Don’t Hold Your Breath Until Gasmobiles Are Dinosaurs

January 14th, 2015 by  

Going by what we’ve seen at the North American International Auto Show in Detroit over the past few days, the electric vehicle market is starting to take off like a rocket. But, that certainly doesn’t mean we’re going to see fewer gasmobiles on the road. The reality is that the global population is growing and the auto consumer class is growing along with it. For the foreseeable future, you’re going to see growth in the gasmobile market, too.

That doesn’t have to be all bad news for carbon emissions. Let’s say in the sparkling green near-future, more fossil carbon gets left in the ground, and more gasmobiles are fueled by low carbon — or perhaps even carbon neutral — biomass. The flip side is that we’re quickly going to reach a tipping point for the land and/or water resources needed to raise feedstock for biofuel, unless auto makers pay much more attention to fuel efficient engines than they are now.

That brings us to this beauty of a personal mobility device, which Ford unveiled at the Detroit show on Monday:

2017 Ford GT

Yep, it’s the new 20017 Ford GT (photo by Tina Casey).

Okay, so it’s not a Tesla. And unlike the Ford Focus, the new GT will probably never be modded into a battery EV or, for that matter, into a fuel cell EV (prove us wrong, guys!). However, it does sport a more powerful version of the company’s recently launched EcoBoost fuel efficient engine, and apparently it’s going to serve as a platform for further enhancements to the technology.

Among other awards, the company’s EcoBoost 1.0 liter engine was named International Engine of the Year in its class last summer. Ford initially offered EcoBoost as an option on just a few models including the Fiesta, Focus, and the new 2015 Edge crossover. The customer response must have been quite satisfying because now the Ecoboost is available for every North American model. Aside from the racy GT (the GT pictured above won’t be produced until next year, btw), that includes the off-road Raptor pickup:

Ford Raptor with Ecoboost engine (photo by Tina Casey

New Ford Raptor (photo by Tina Casey).

…and the ultra-luxury new Lincoln:

All new Ford Lincoln (rear view, photo by Tina Casey)

All new Lincoln, rear view (photo by Tina Casey).

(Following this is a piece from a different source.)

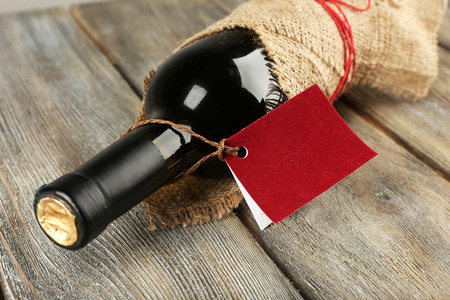 Wine bottle wrapped in burlap cloth on wooden planks backgroundの写真素材
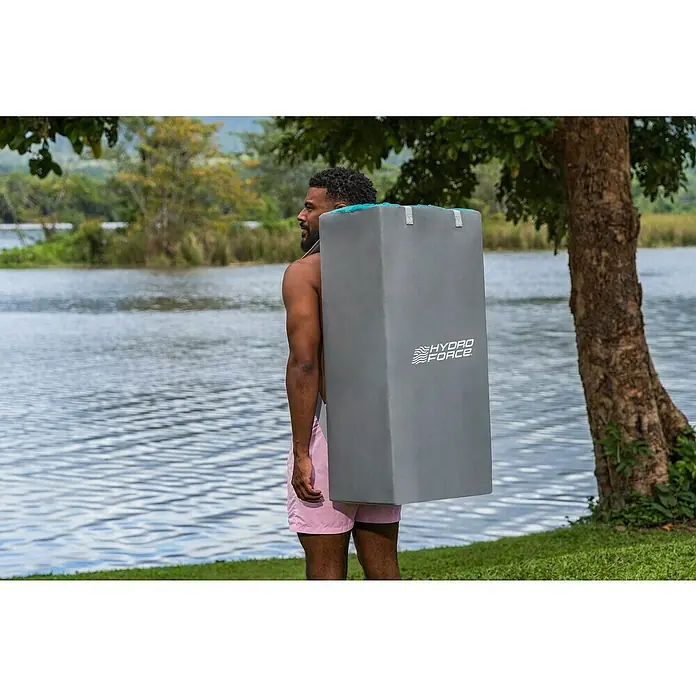 Bestway Hydro Force SUP-Board-Set Aqua Drifter™ View - L x B x H: 335 x 91,5 x 15 cm, Nutzlast: 140 kg, Aufblasbar, Grau/Blau - Ein Mann trägt eine graue Hydro-Force Stand-Up-Paddling-Board-Tasche am See. Die Tasche hat das Hydro Force Logo und türkisfarbene Details.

…and also the iconic F-150, which just got a makeover last year with an all-aluminum body (that’s for lighter weight/fuel efficiency/performance as well as virtually 100 percent recycling of scrap on site). Here’s a shot inside just one little corner of Ford’s Rouge factory dedicated exclusively to churning out F-150’s:

Ford Rouge factory

Putting all these pieces together with what we already know about EVs, we’re more convinced than ever that electric vehicles will dominate the 21st century, despite the recent freefall in oil prices. However, the realness is that gasmobiles and hybrids will also play a significant role far into the future (take another look at that Rouge factory if you need more evidence).


Biofuel could provide a sustainable answer, but not necessarily a cheap one: consider the three-way tension between a continuing demand for liquid fuel, the growing pressure to keep more fossil carbon in the ground, and the impact on land and water resources from biofuel production.

Let’s face it, the future price of liquid fuel, whether bio or petro, is going to go up. For that matter, the petroleum industry is already retrenching like crazy (at least, here in the US) and reserves are being stockpiled in tankers offshore in anticipation of the inevitable oil price spike to come.

That sets the table for auto manufacturers to continue to develop the next generation of fuel efficient gasmobile engines to meet the full range of consumer demand, including adventurers, funseekers, and luxury buyers as well as the budget and eco-aware markets.

That’s our takeaway from the Detroit Auto Show, take it or leave it.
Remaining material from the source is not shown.